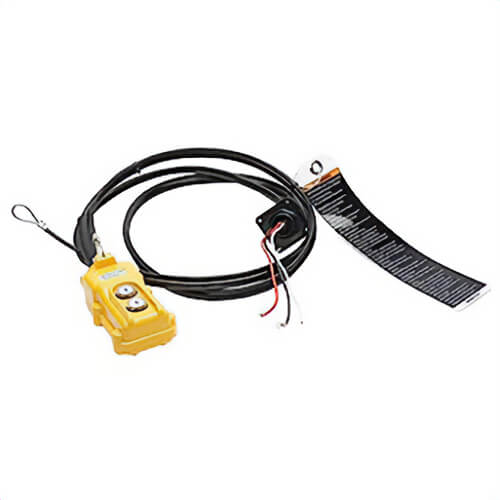 Harrington® EP1DR155720 Pendant 2, 20 ft Lifting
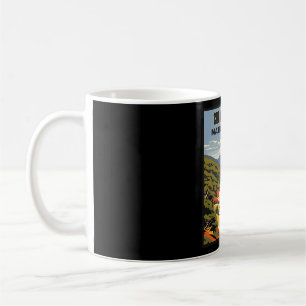Croajingolong � The Endless Horizon of Australia Coffee Mug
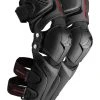EVS Epic Knee Pad CE -Highway 21 shop evs epic knee pad ce black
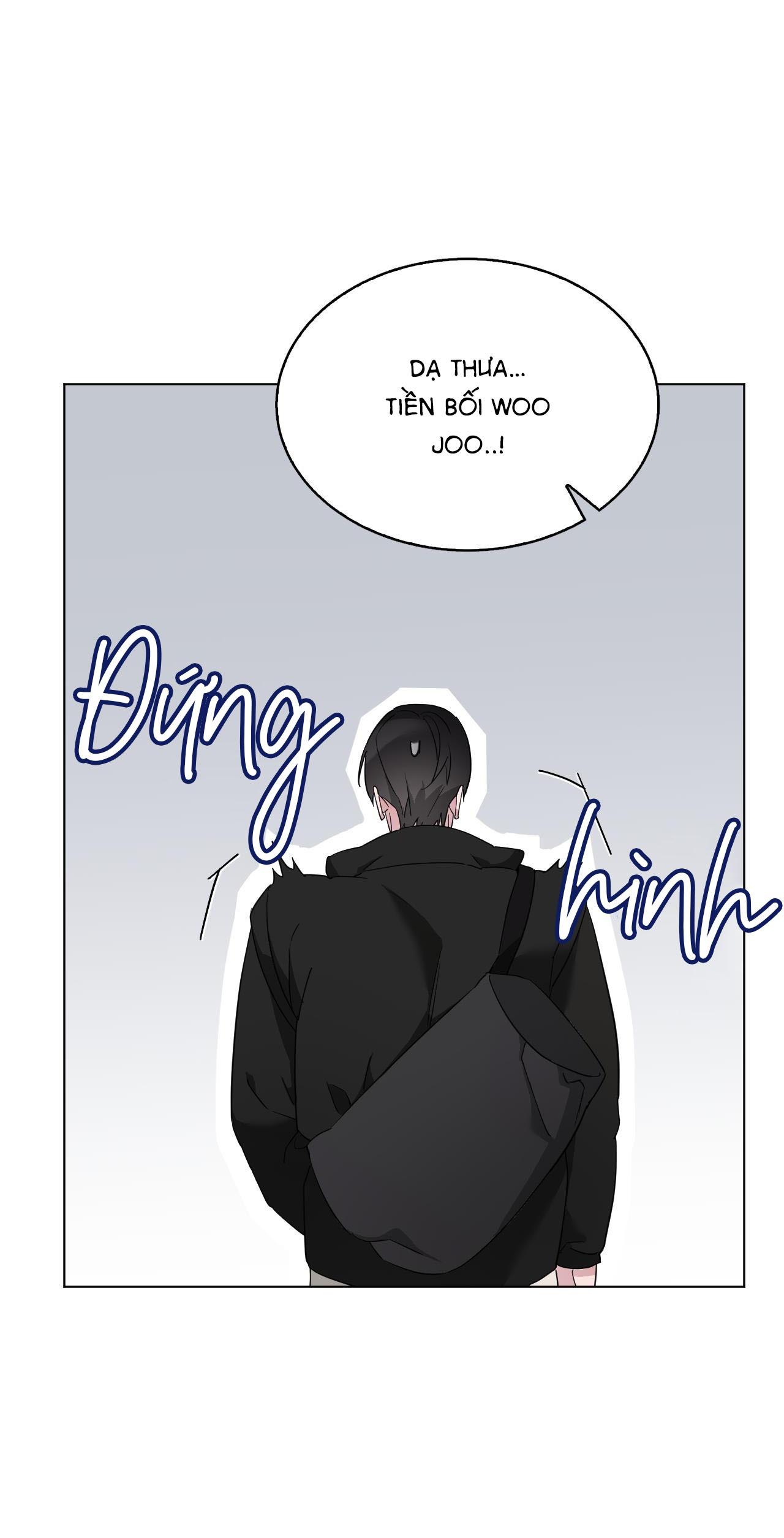 Đọc truyện  Dễ thương là lỗi của tôi sao? - Chapter 30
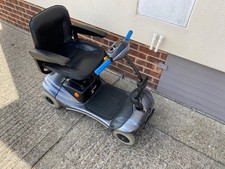 shoprider scooter for sale  WORTHING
****************
Task brief: Although the records contain pictures, print only the rest, exactly as written.

Written solution:
 Harrington® EP1DR155720 Pendant 2, 20 ft Lifting
Croajingolong � The Endless Horizon of Australia Coffee Mug
EVS Epic Knee Pad CE -Highway 21 shop evs epic knee pad ce black
 Đọc truyện  Dễ thương là lỗi của tôi sao? - Chapter 30
 shoprider scooter for sale  WORTHING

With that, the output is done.